Technical director at engineering consultancy Aecom, Joe Langley, told a Consult Australia breakfast in Perth last week the concept known as ‘value capture’ could be used to retain a portion of the economic rents generated for private landholders through such developments.
He said there was a weak link between the benefit derived from major public projects, and the beneficiaries on one hand, and the distribution of the cost.
The two are not clearly linked in most projects, a situation that allows astute investors to earn profits from purchasing land in the right location.
Similarly, businesses located near a development benefited from uplift in sales, while consumers near a new transport hub had increased labour mobility, Mr Langley said.
Value capture, has been used successfully in the US, Mr Langely told the function, where it has been attached to major redevelopments, including an urban redevelopment project in Denver.
He said up to 26 per cent of a project’s cost could be recovered through the mechanism.
The Perth Freight Link is one example of a Western Australian project where landowners could benefit, with a freight tunnel for stage two of the project lifting property prices in the Fremantle area considerably, according to reports.
Mr Langley suggested governments could sell bonus floor area, effectively increasing height restrictions for a charge, in areas that would benefit from the link.
That would recover a portion on the benefit without directly affecting households, he added.
Further mechanisms included selling air rights above public land, such as railway stations, and widening the base for land taxes.
He said a local government or an urban renewal authority could run a pilot program to study possible outcomes of ‘recapture’ strategies.
A boost for value capture could be in the results of a new federal parliamentary inquiry, which standing committee on infrastructure, transport and cities chairman John Alexander argued could be used to fund high-speed rail.
Submissions for that inquiry were due to close last week.
One local project that has been delayed dramatically and is now effectively back at the drawing board stage is the MAX light rail line to Mirrabooka.
The state government’s deteriorating financial situation has primarily been responsible for the delay in the project and suggestions it may be replaced by rapid bus or a heavy rail format.
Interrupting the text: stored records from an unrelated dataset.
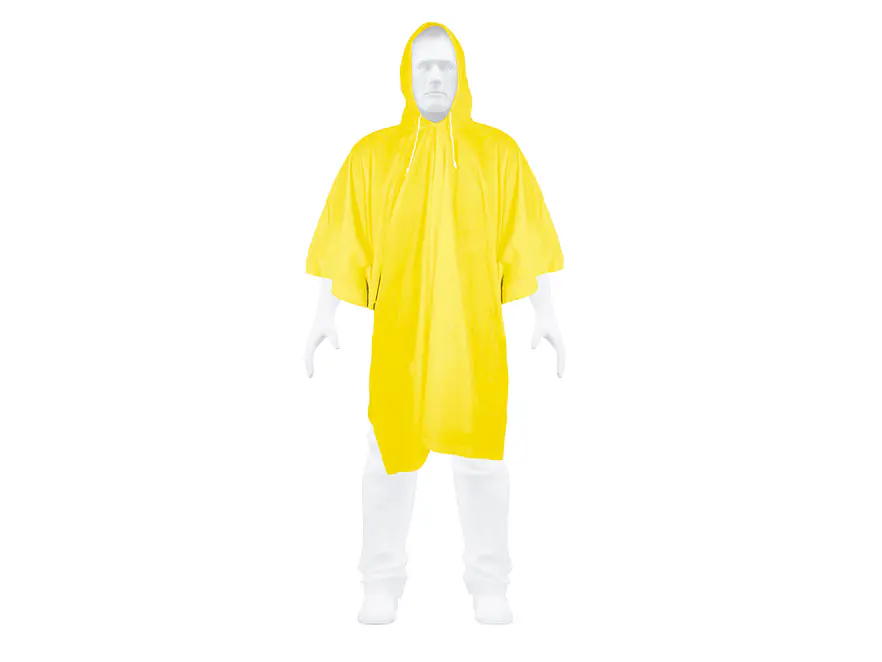 Poncho unitalla, espesor 0.25mm Truper 14412 - Foto 1 | aztools.co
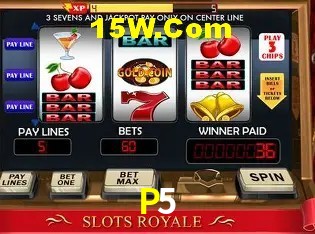 Casino Ao Vivo P5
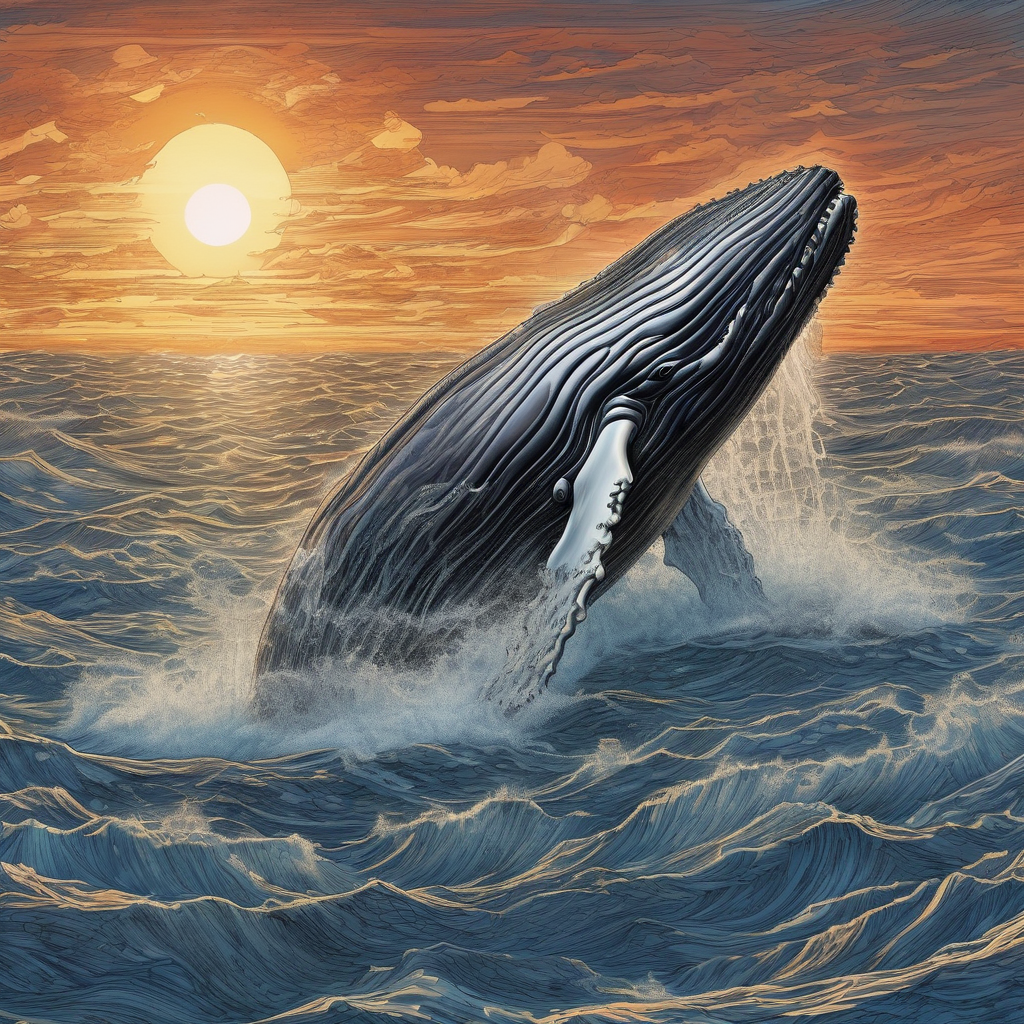 Cómo las ballenas pueden comunicarse a miles de kilómetros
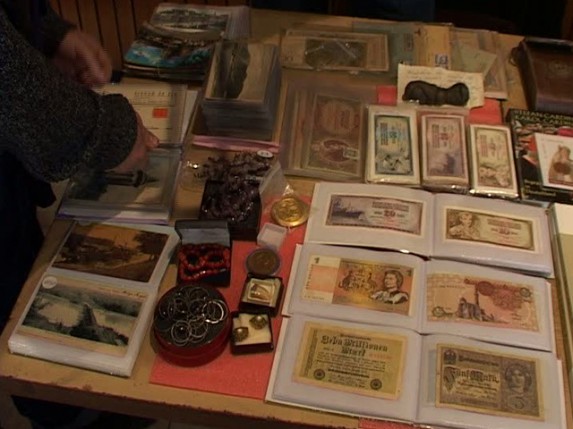 Sutra se održava berza antikviteta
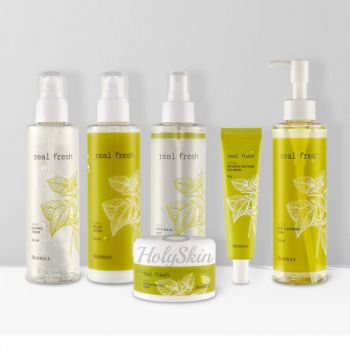 Real Fresh Vegan Calming Toner отзывы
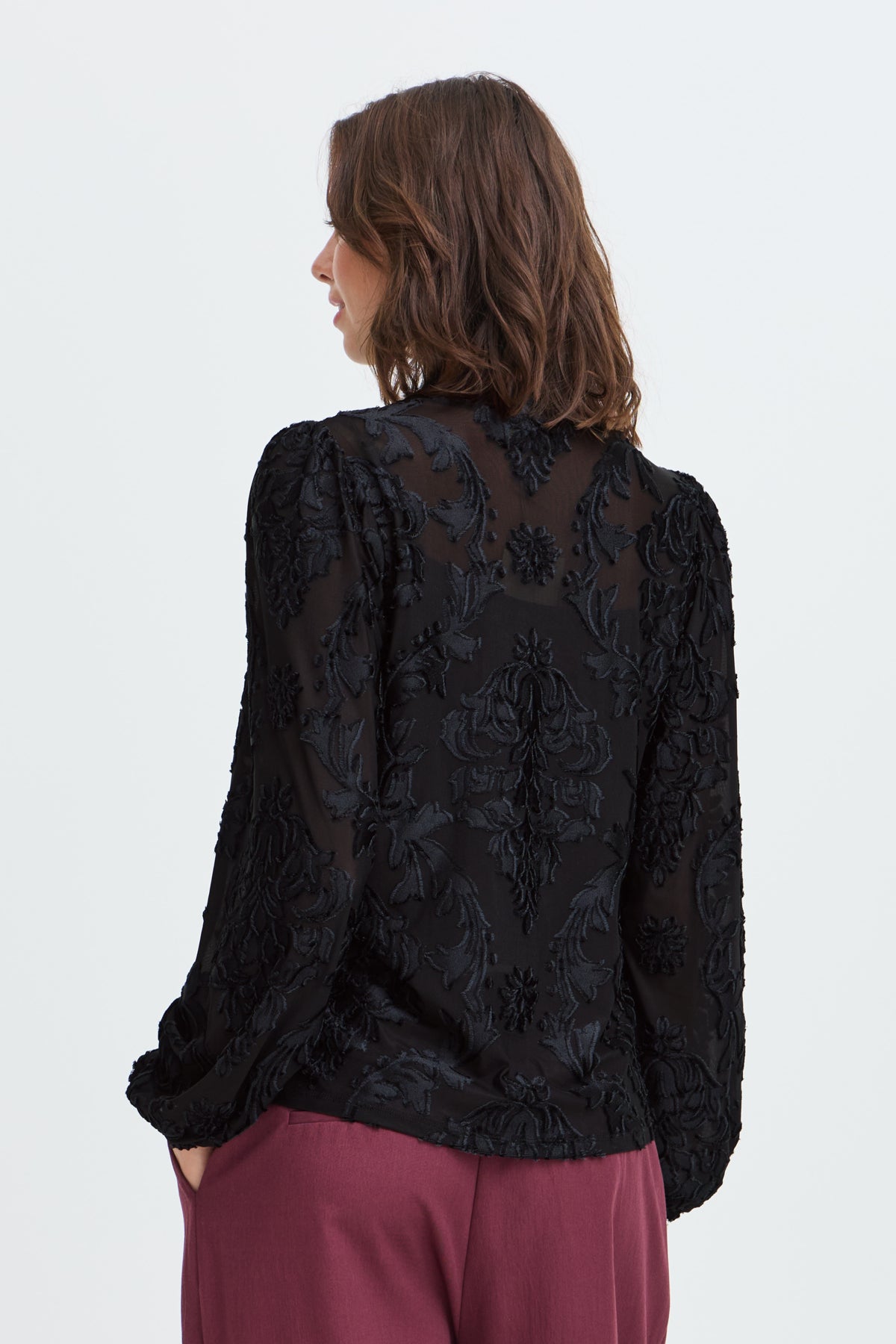 Fransa Arlowe Tee 1 - T-skjorter - JK-Shop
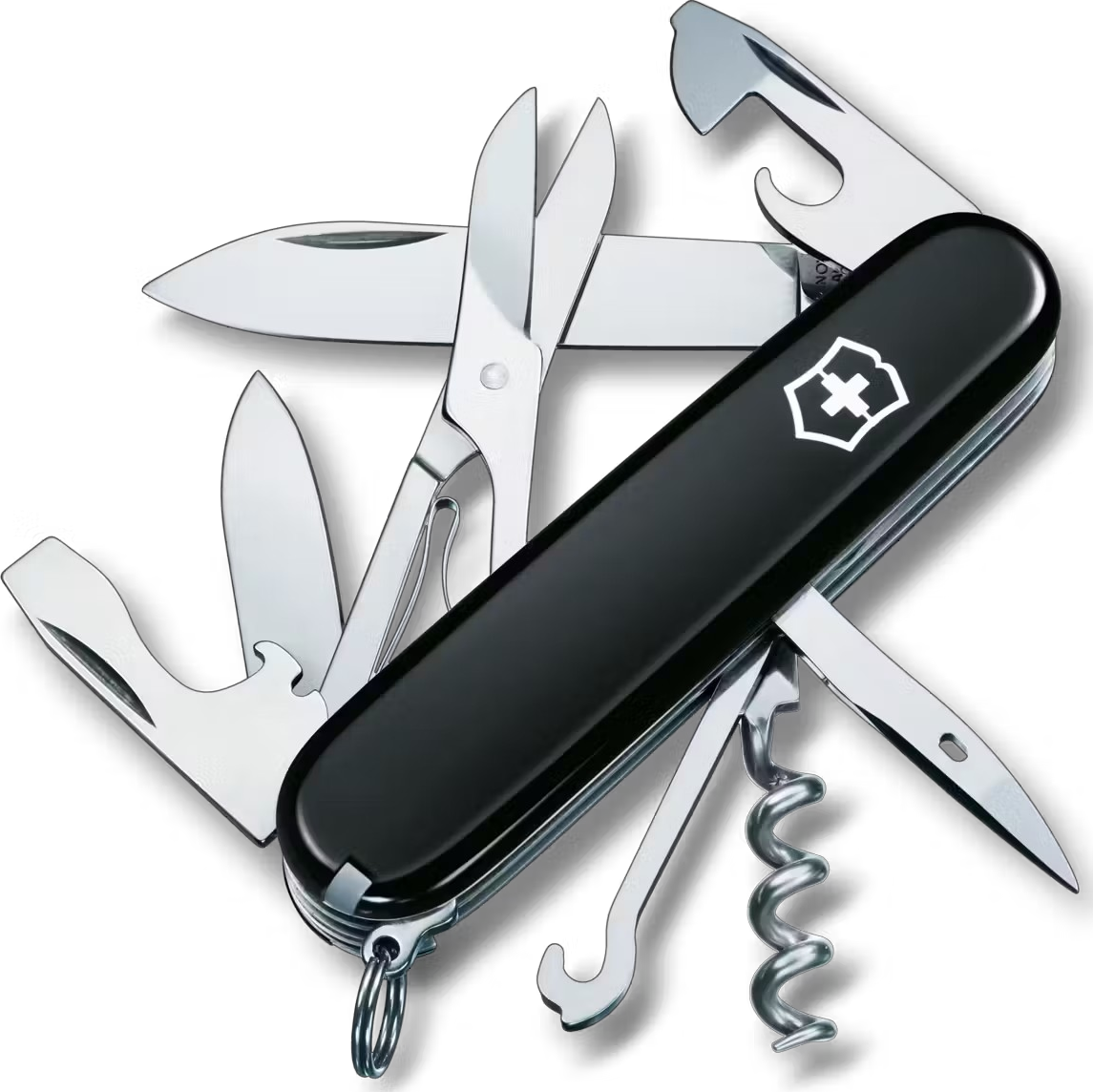 Victorinox Climber Svart One Size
Value capture could be used to pick up part of the cost of the project, Mr Langely said, while the state government could work with land developers and local governments to select a route that could earn an appropriate return.
Consult Australia state manager Steve Coghlan said funding major infrastructure projects using value capture could, over time, allow the state government to reduce its reliance on taxes such as stamp duty.
“Given the current constrained fiscal environment, the state government should look to consider value capture as a possible alternative funding method for major infrastructure projects moving forward,” he said.
“That is not to say it is a method that should necessarily be used on every major infrastructure project within the state, but rather tailored value capture models for projects should be considered on its merits, following rigorous cost benefit analysis, together with more traditional funding methods.”